The Second World War was motivated by the attack on Pearl Harbor, and while many historians still challenge whether Franklin Roosevelt had advance knowledge of the attack, the record indicates Roosevelt deliberately sought war with Japan by supplying Japan with oil and steel, and then abruptly cutting it off in the summer of 1941, an act that Roosevelt himself in the media said would cause Japan to go to war. Roosevelt refused peace initiatives from the Konoe government, knowing that it would collapse and be handed over to the Japanese militarists, as it did in October 1941. Internal memos indicated that U.S. spies abroad knew that a sneak attack would happen at Pearl Harbor, on a Sunday morning, and also refused to stop the impending war from starting when they told the Australians they wanted the fighting to start.
The continuation of the Second World War, and refusing to give peace terms to Japan, was predicated on the war propaganda of the “Bataan Death March” which initial reports said had 5,000-7,500 casualties. Modern estimates have revised those numbers down to 500-650.

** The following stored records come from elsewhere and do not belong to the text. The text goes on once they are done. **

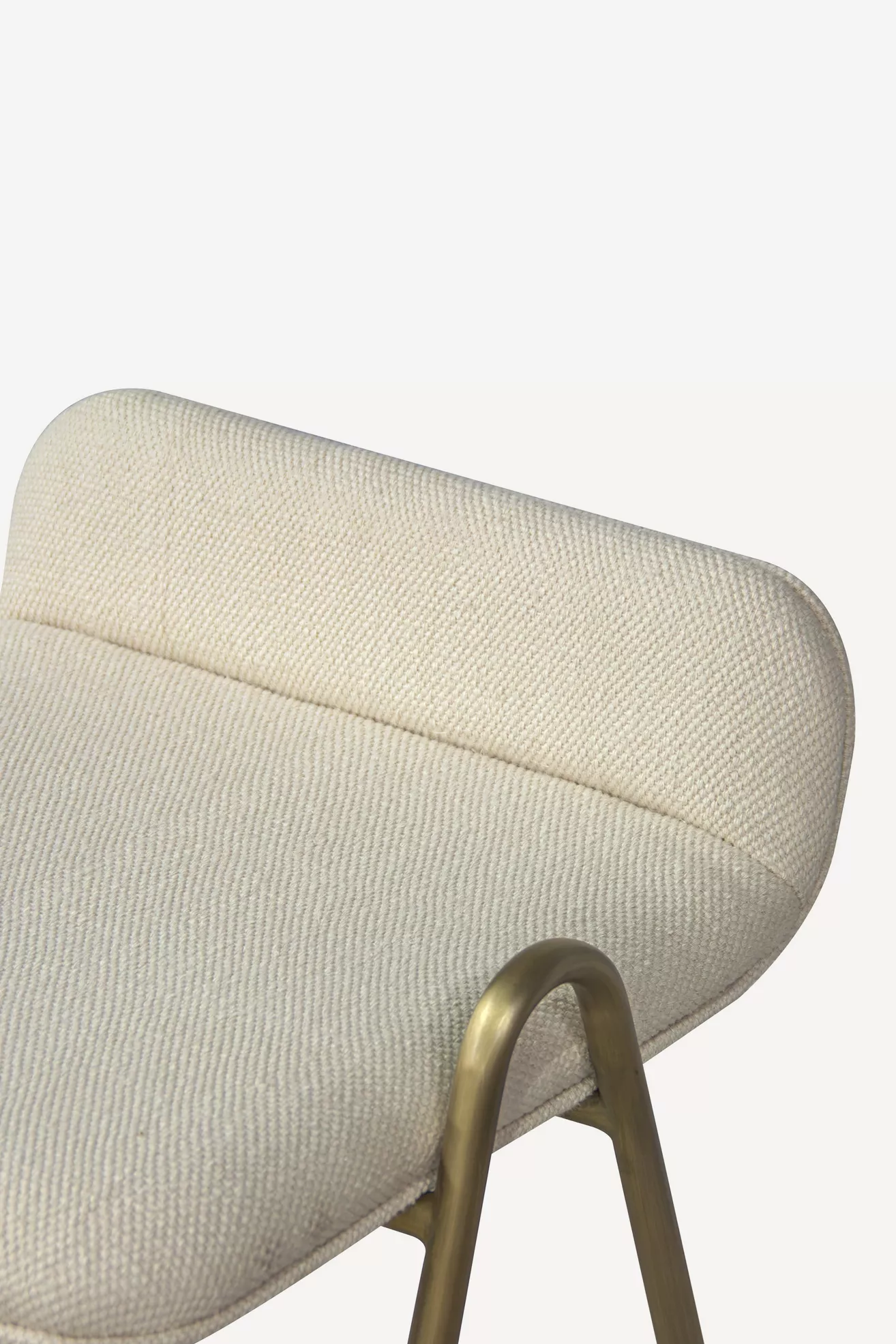 Close-up of padded cream upholstered back cushion with brass-toned metal handle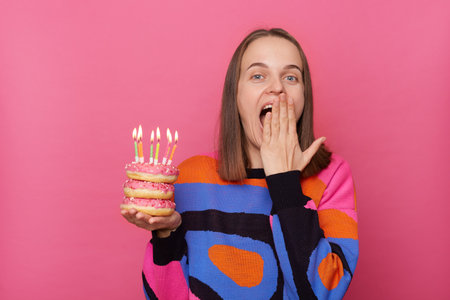 Photo of excited amazed woman with brown hair wearing stylish jumper, covering mouth with palm, having surprise on her birthday party, holding donut with candles isolated over pink background.の写真素材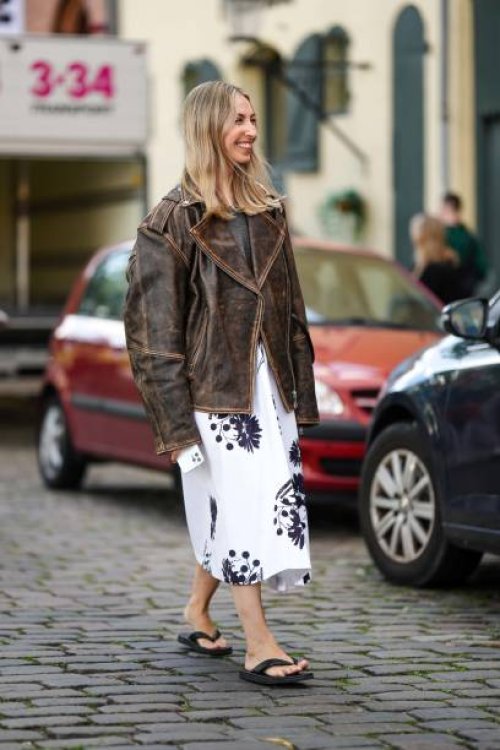 Guest wears a gray wool pullover, a dark brown faded denim oversized leather jacket, a white with embroidered black flower pattern midi dress, black...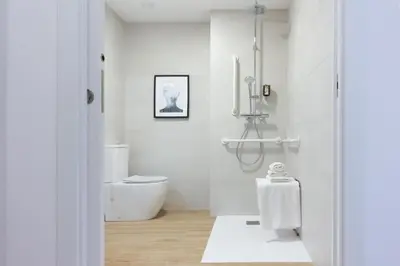 a white bathroom with a shower and a toilet at VLC HOST- B&B Fray Pedro in Valencia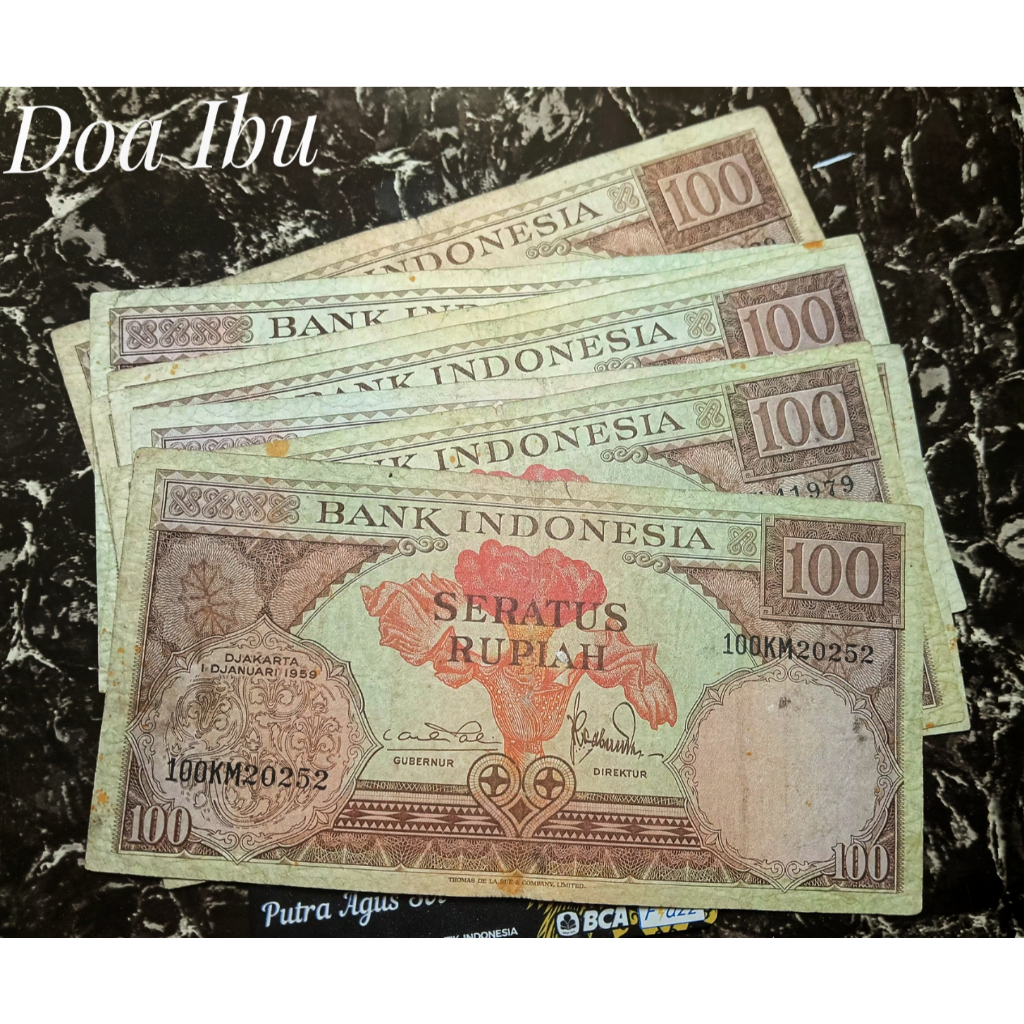 Uang kuno 100 rupiah seri bunga tahun 1959 sesuai foto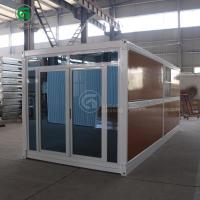 China Windproof And Warm 20ft Fold Out Container Homes Wood Grain Glass Manufacturer on sale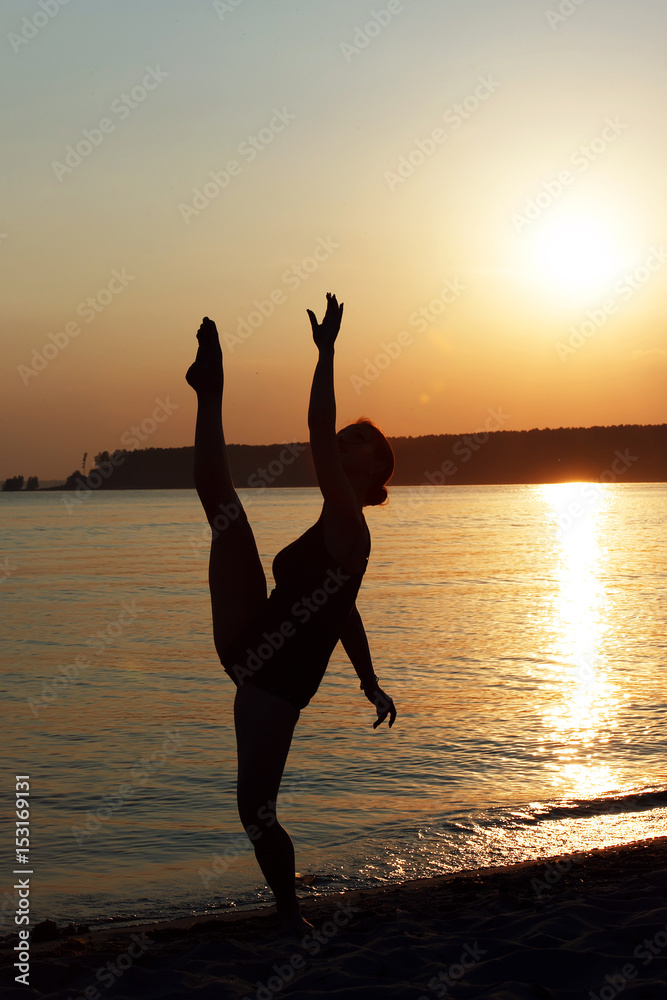 Silhouette of elegant lady dancing at the beach during sunset Stock ...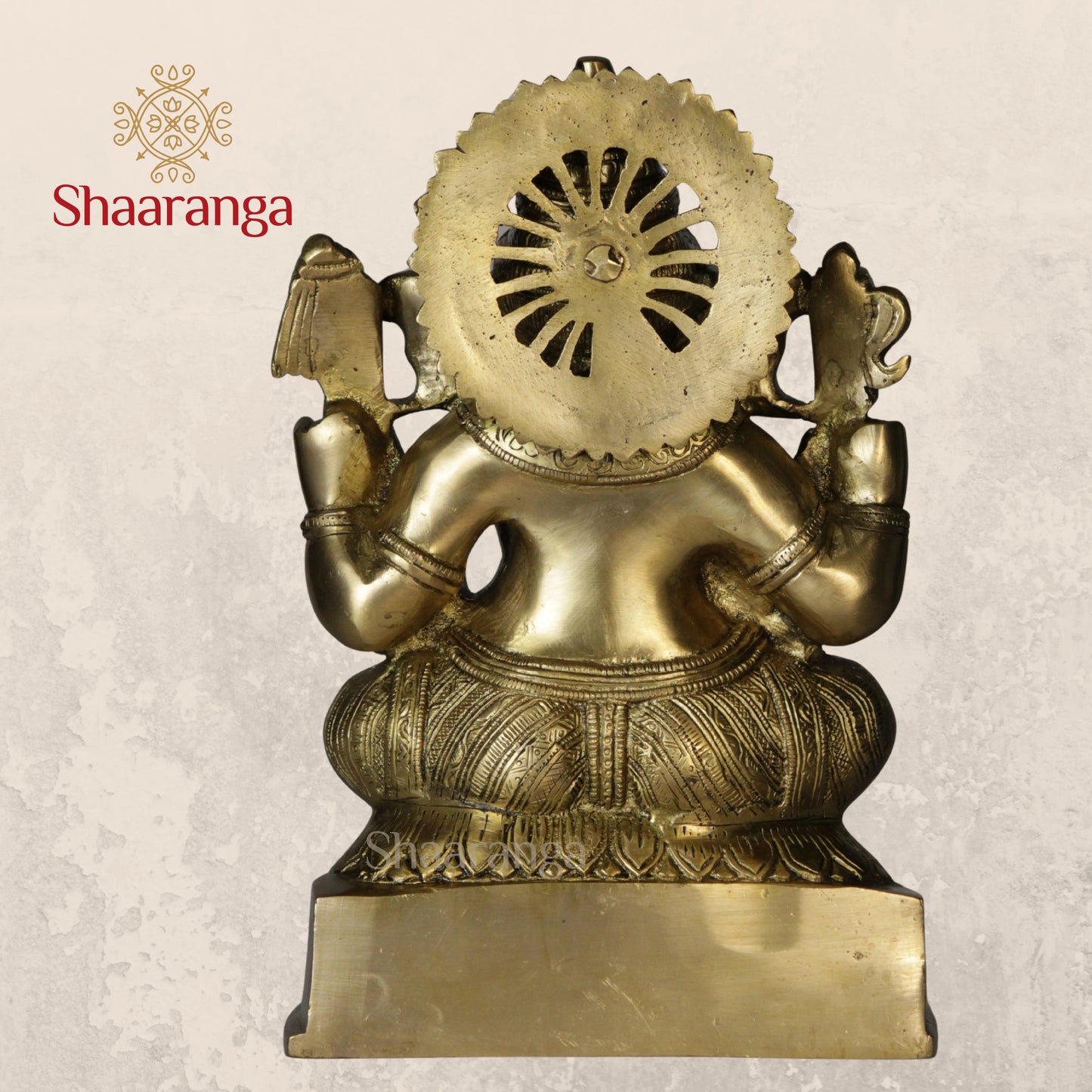 11 Inches Brass Ganesha Idol Sitting On Base.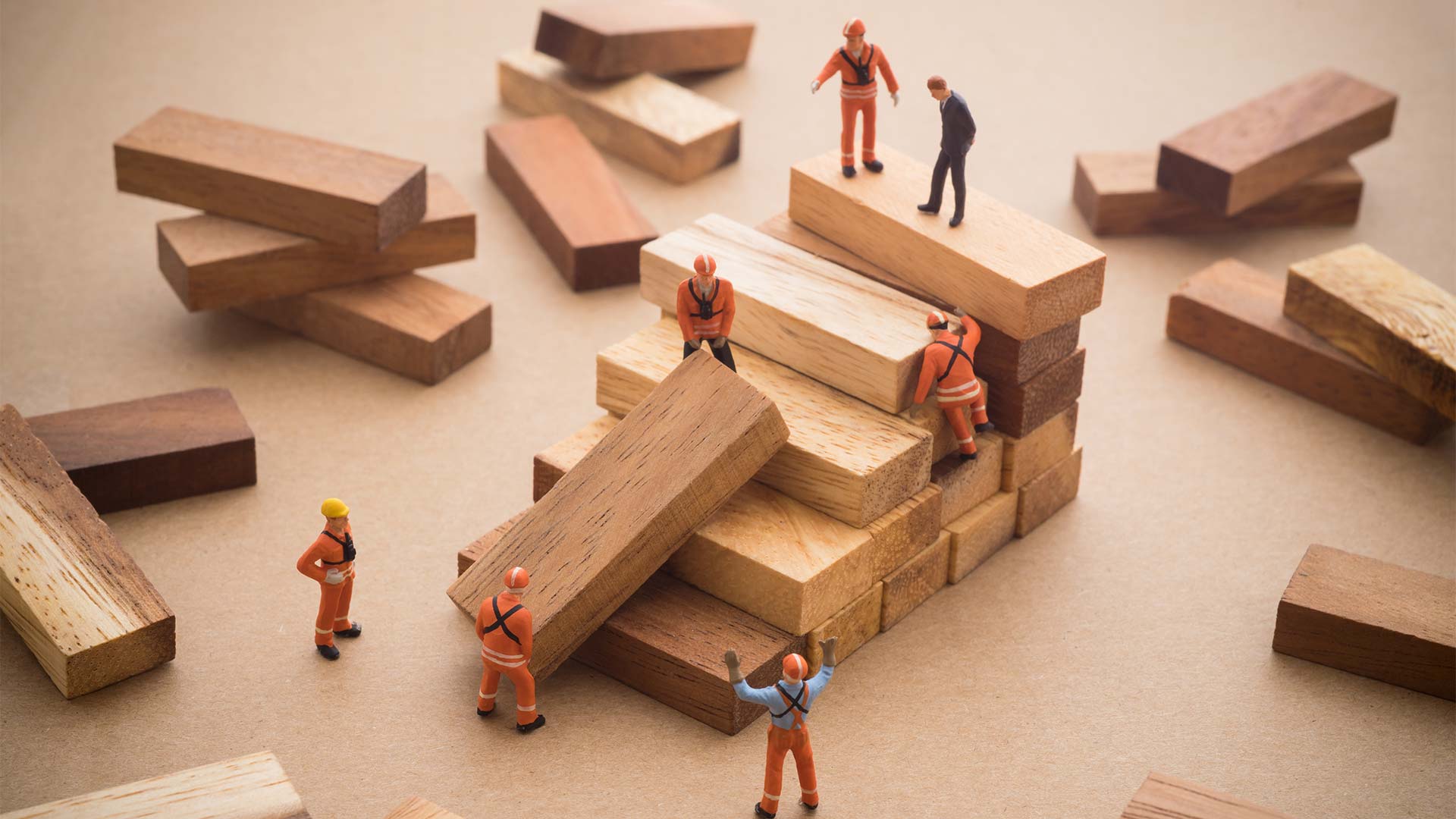 Small people figurines building steps out of wooden jenga pieces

The Korean War started after North Korea was given the green light to invade by the Soviet Union, and the Soviets had been told by U.S. Secretary of State Dean Acheson in a speech on January 12, 1950 that the United States was unconcerned about the future of Korea, because it was conspicuously not mentioned as part of its “defensive perimeter” in the Pacific. The North Koreans invaded six months later, on June 25th.
The Vietnam War was predicated on two attacks upon the U.S.S. Maddox in the Gulf of Tonkin in 1964, and while there was certainly a first attack, the second attack was possibly due to misinterpretations of radar signatures during bad weather. The second attack was used as justification for a wide-ranging authority for the then-President Lyndon Johnson to begin a full-scale war in Vietnam.
The U.S.S. Liberty incident in June 1967 was likely a ‘false flag’ event meant to draw American into the ongoing war between Israel and its Arab neighbors known as the “Six Days War.” In that incident 34 died and 161 sailors were wounded, a signals intelligence ship was sunk by Israeli warplanes, who then attempted to strafe survivors in their liferafts, and whose survivors have said the U.S. flag was repeatedly shot down and seen by the pilots. Israel later apologized and said it was an accidental friendly-fire incident.
The Iraq War in 2003 was, in significant part, motivated by George Bush’s statements that Saddam Hussein had weapons of mass destruction and was close to developing more. These claims were later proven to be based on such obviously flawed intelligence that many whistleblowers, including former CIA agent John Kiriakou, have claimed the intelligence community suppressed all evidence indicating that such claims were false.
In August 2013 the Barack Obama administration claimed that the Syrian government had used chemical weapons on its own civilian population, claims that were highly disputed. Obama could not successfully persuade the Republican-led Congress that the intelligence was accurate. These same claims made about the then-Assad regime, that it used gas on its civilians, was denied by the U.S. military.
In March 2022, Russia claimed that the United States was developing biolabs in Ukraine, and working with Neo-Nazi militarists to harass the Russian population living in Ukraine. These claims were used to justify their invasion of Ukraine, and were denied by all of the western media outlets. Yet Victoria Nuland confirmed the existence of United States biolabs in Ukraine when she lamented to Congress that she was concerned Russia would seize control of the labs. The nazi-linked Azov batallion was similarly well-documented in dissident media, to the point where even CNN had to admit it was true while still trying to downplay its significance, disproving the mainstream narrative that there were no neo-Nazis involved.